What sources do you draw inspiration from?

We are inspired by all things natural—the growth of trees, the remodeling of cancellous bone, the formation of the glass sponge, the swarm intelligence detected in an ant farm, the formation of planets. In all of these examples, and many more, we seek the logic of formation rather than the description of form itself; in particular, we look for forms of logic that are often concealed. We then translate these phenomena to the building scale. For instance, from the cancellous bone, we have been exploring variable density concrete printing where the distribution of concrete is informed by a given distribution of structural load.

What would you say are some of the biggest challenges of establishing a practice right now?

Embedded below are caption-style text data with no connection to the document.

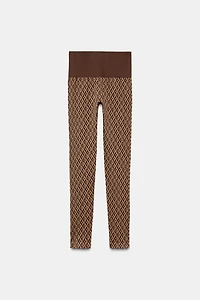 THERMAL JACQUARD THERMOLITE® CORE SKI COLLECTION LEGGINGS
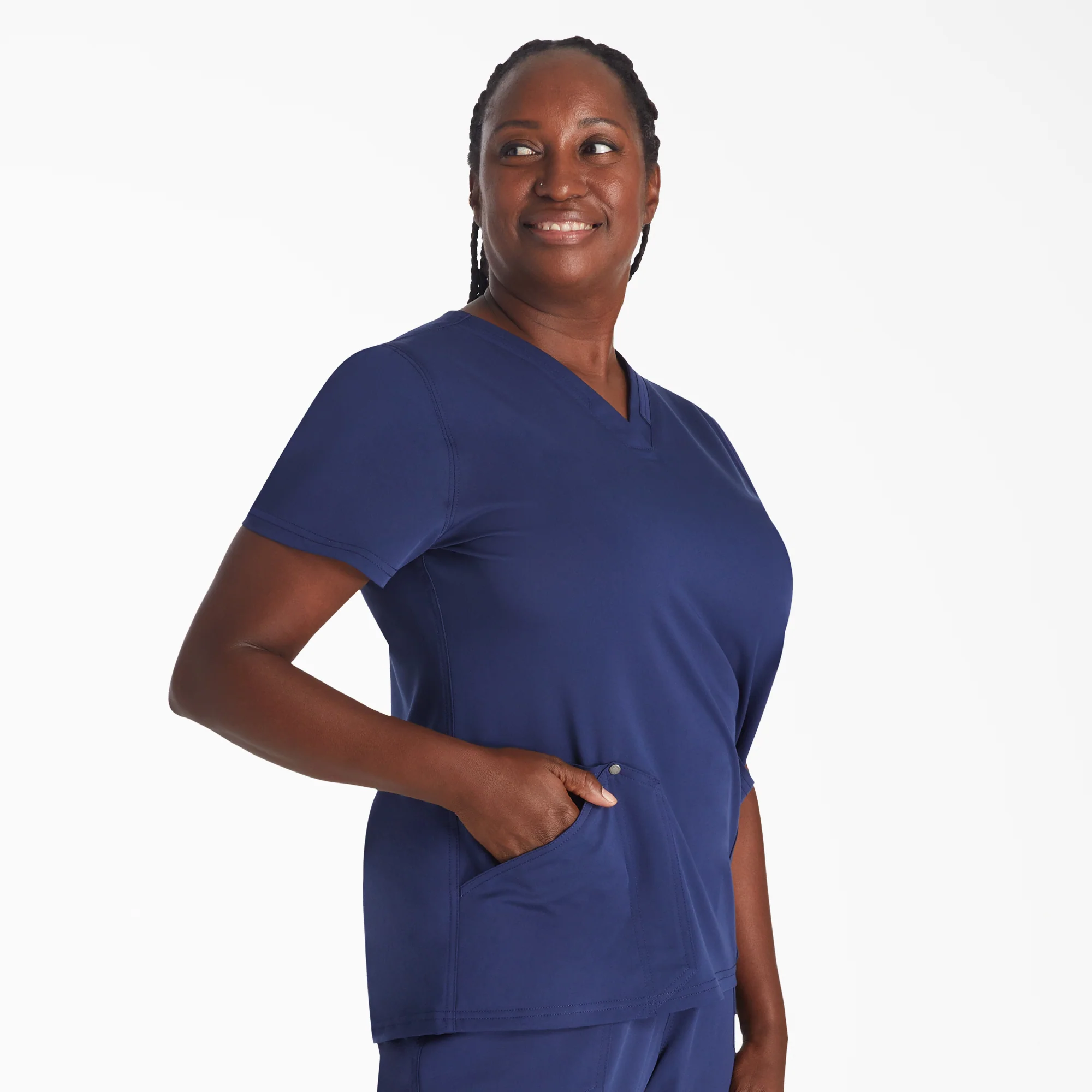 Women's EDS NXT V-Neck Scrub Top 4 Women's EDS NXT V-Neck Scrub Top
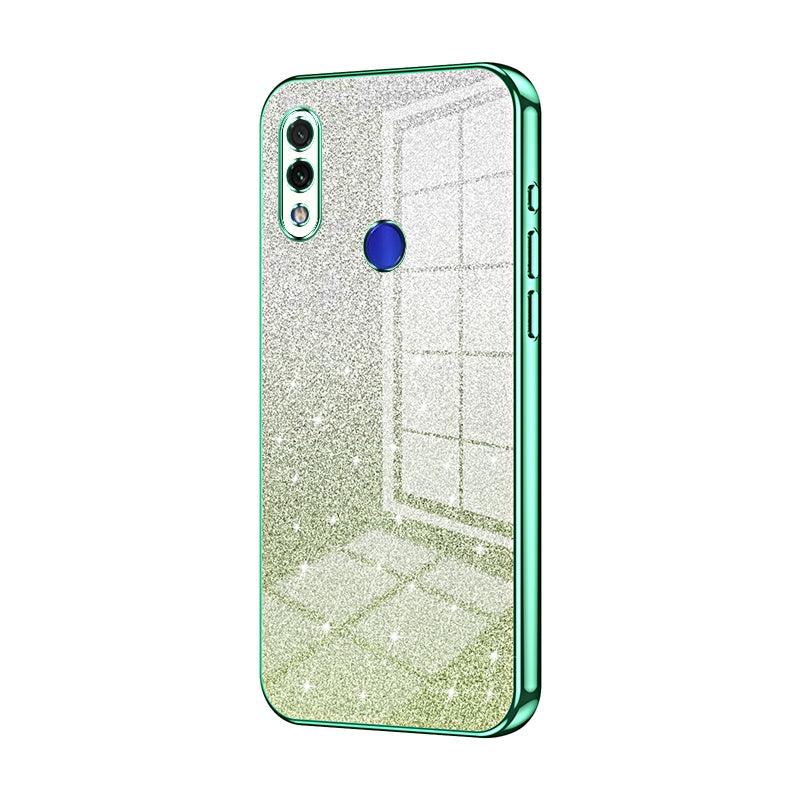 Xiaomi Redmi Note 7 Luxurious Electroplated Gradient Glitter Powder Case - Enhanced Lens Protection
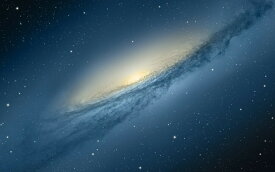 絵画風 壁紙ポスター (はがせるシール式) 銀河 ギャラクシー 渦巻銀河 Milky Way 星団 星雲 ブラックホール 宇宙 天体 神秘 キャラクロ SPC-024W1 (ワイド版 921mm×576mm) ＜日本製＞ ウォールステッカー お風呂ポスター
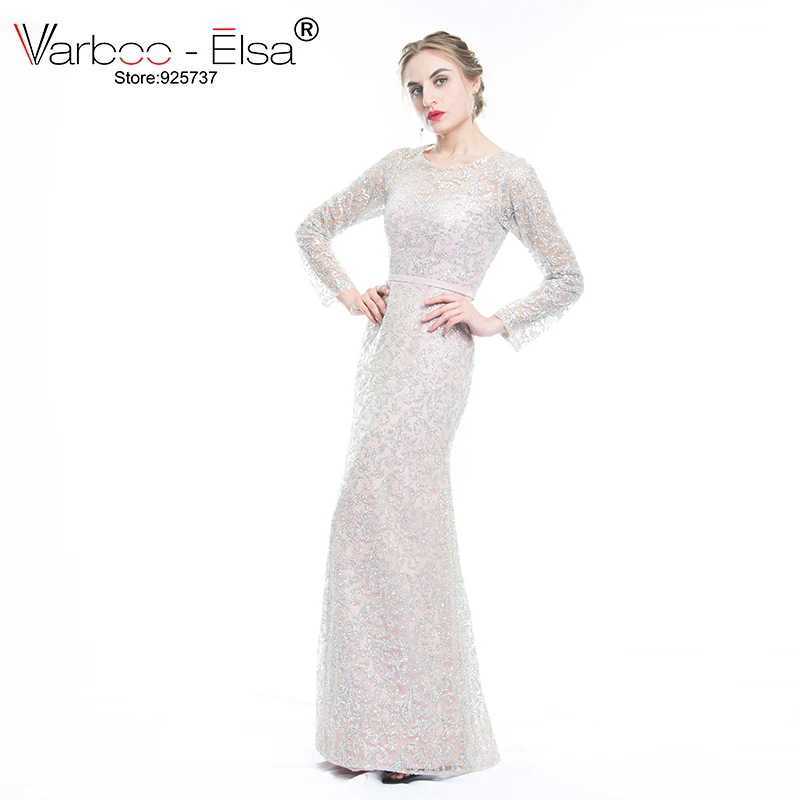 Женское вечернее платье с длинным рукавом распродажа 2021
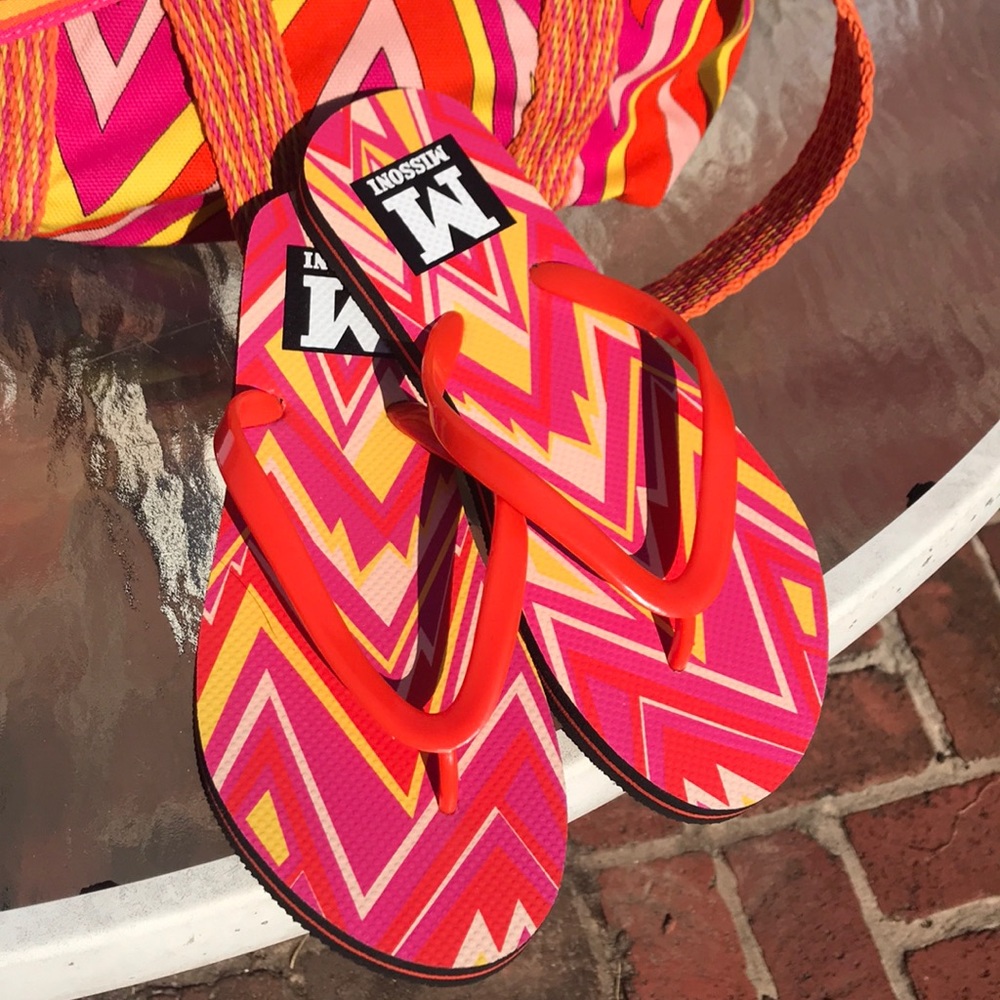 M Missoni flip flops. NEW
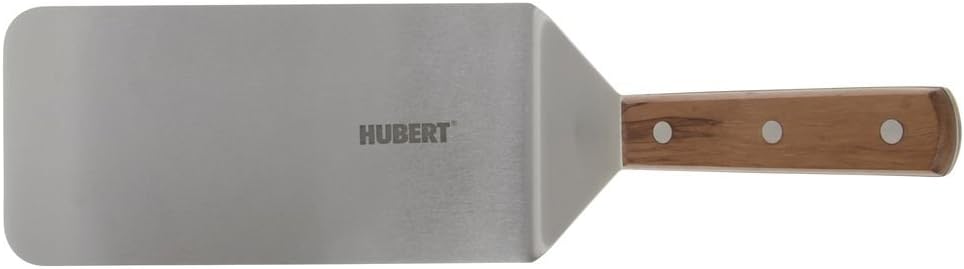 HUBERT Food Turner Stainless Steel with Rosewood Handle - 8"L x 3 1/4"W Blade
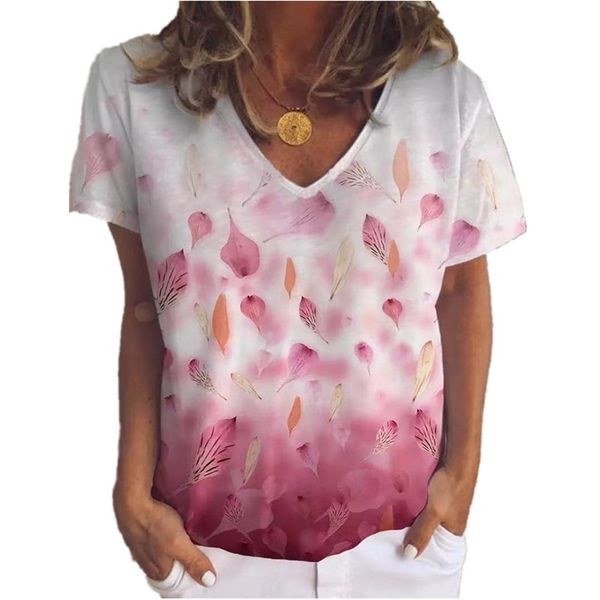 plus size gradient leaf print women's tshirt summer casual v neck short sleeve loose fashion oversize tee shirt female 210522, White
plus size gradient leaf print women's tshirt summer casual v neck short sleeve loose fashion oversize tee shirt female 210522, White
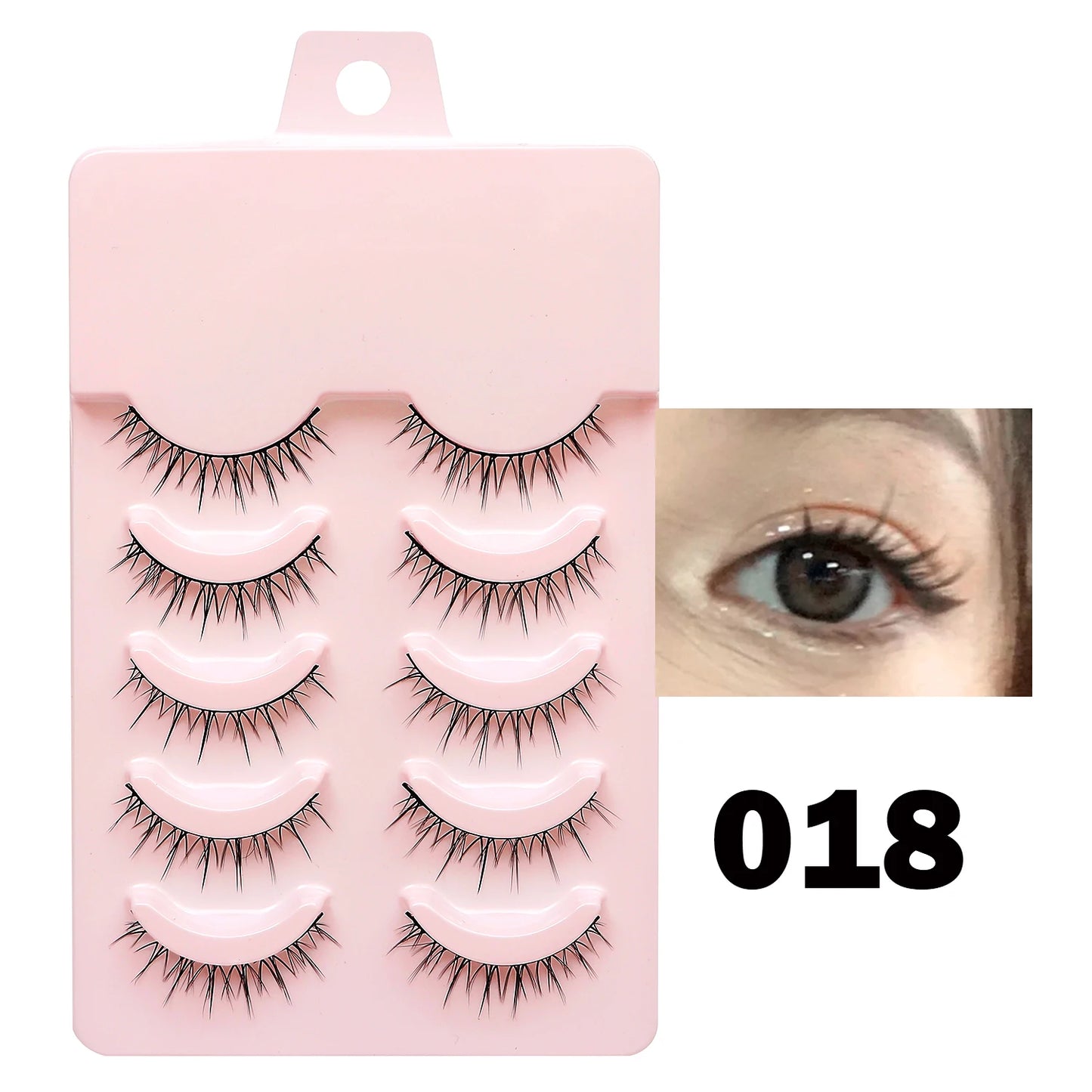 Wispy Manga Style Eyelashes Soft Natural Thick False Daily Eye Lashes Dating Makeup Eye Accessories 5 Pairs - 10pcs
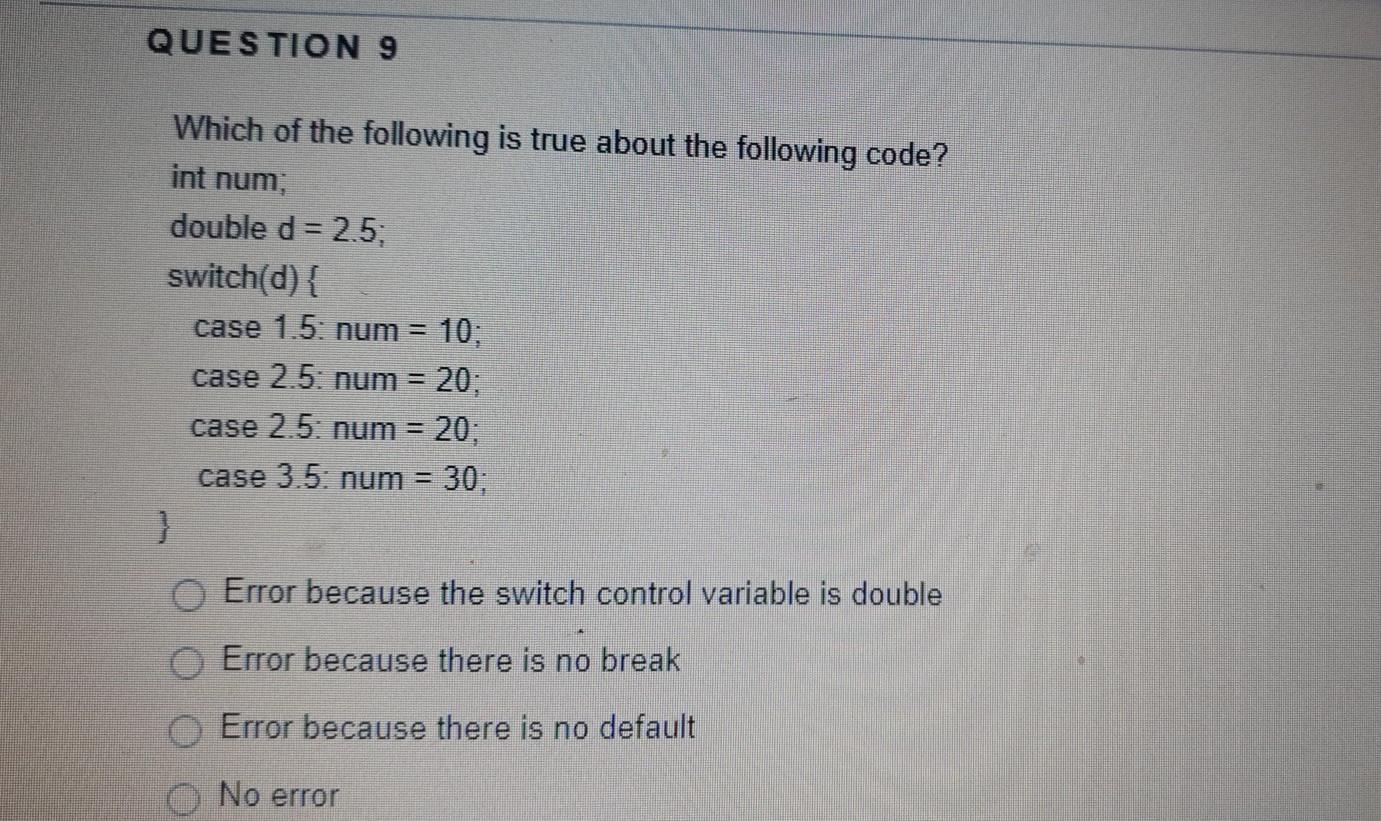 Solved QUESTION 9 Which of the following is true about the | Chegg.com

I think the main challenge for every young practitioner remains the tension between innovation and buildability. Especially today, when advances in digital design become more integrated within practice, it becomes challenging to draw the line between the passion to learn and the desire to build. At which point one must decide if one is more of a wanderer or more of a builder? Another challenge is that it has become too easy to build almost anything. Although the building industry has been relatively slow to adopt new technologies, such tools and technologies are enabling architects and designers to freely express themselves without any particular relation (or commitment) to materials or the environment. We seem to have detached ourselves from the wisdom of vernacular architecture, the craft of building, where materials are chosen according to specific environmental criteria, where technique comes at the service of design rather than the other way around.

What are you currently working on?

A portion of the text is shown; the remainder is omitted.